Former Springbok rugby captain Dawie de Villiers died at his Stellenbosch home on Saturday night after a long battle with cancer. He was 81.
Mark Alexander, president of the SA Rugby Union, remembered De Villiers for his role in rugby and in wider society as a politician later in his life.
De Villiers held the record for the most number of Tests as Springbok captain until he was overtaken by Francois Pienaar in 1995.
Saru said he had been very involved in the talks that led to the unbanning of the ANC, the subsequent release of Nelson Mandela and the first democratic elections in 1994.
“Dawie de Villiers captained the Springboks as the winds of change were beginning to blow through the political climate of sport and his final tour was the 1969-70 ‘demo tour’ of the UK,” said Alexander.
“By that time, he had established himself as one of the Springboks’ greatest ever captains and the fact that he was carried from the field on the shoulders of UK Barbarians greats Gareth Edwards of Wales and Mike Gibson of Ireland in his final match, proves the respect and standing in which he was held.

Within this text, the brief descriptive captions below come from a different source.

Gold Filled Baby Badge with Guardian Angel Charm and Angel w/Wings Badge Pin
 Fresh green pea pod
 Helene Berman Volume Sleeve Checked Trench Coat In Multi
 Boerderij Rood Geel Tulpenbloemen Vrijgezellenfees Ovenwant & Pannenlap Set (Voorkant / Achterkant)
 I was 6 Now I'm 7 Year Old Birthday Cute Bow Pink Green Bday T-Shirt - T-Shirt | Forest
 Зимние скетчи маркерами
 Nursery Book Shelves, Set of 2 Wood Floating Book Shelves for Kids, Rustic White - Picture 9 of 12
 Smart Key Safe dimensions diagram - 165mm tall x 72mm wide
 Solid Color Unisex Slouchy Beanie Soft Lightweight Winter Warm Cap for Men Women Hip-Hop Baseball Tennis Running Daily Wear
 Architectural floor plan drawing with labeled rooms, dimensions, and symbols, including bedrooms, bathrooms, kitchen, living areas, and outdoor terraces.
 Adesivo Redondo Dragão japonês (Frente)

“That respect later saw him become part of those winds of change in political life as our country moved to democracy. He was a great servant of the country.”
De Villiers was born on July 10 1940 in Burgersdorp. After he finished his schooling at Bellville High School, he studied theology at Stellenbosch University.
He was later a minister in the old National Party regime, but also in the first democratically elected government under the late former president, Nelson Mandela.
De Villiers retired from politics in 1996.
He also served as SA’s ambassador in London and had been a lecturer in philosophy (in which he completed his doctoral studies) and a reverend in the Dutch Reformed Church.
“To lead SA for as long as he did in the amateur era and to hold the record for Tests captained until the arrival of professionalism says all you need to know about his stature as a player and leader,” said Alexander.
“He was a great and loyal servant of Springbok rugby and we pay tribute to his dedication and the service he gave to the sport and SA life in general.”
He is survived by his wife Suzaan, three daughters and a son, as well as nine grandchildren.
Dr Dawie de Villiers, a former Springbok captain, passed away at the age of 81 on Saturday night after a long battle with cancer.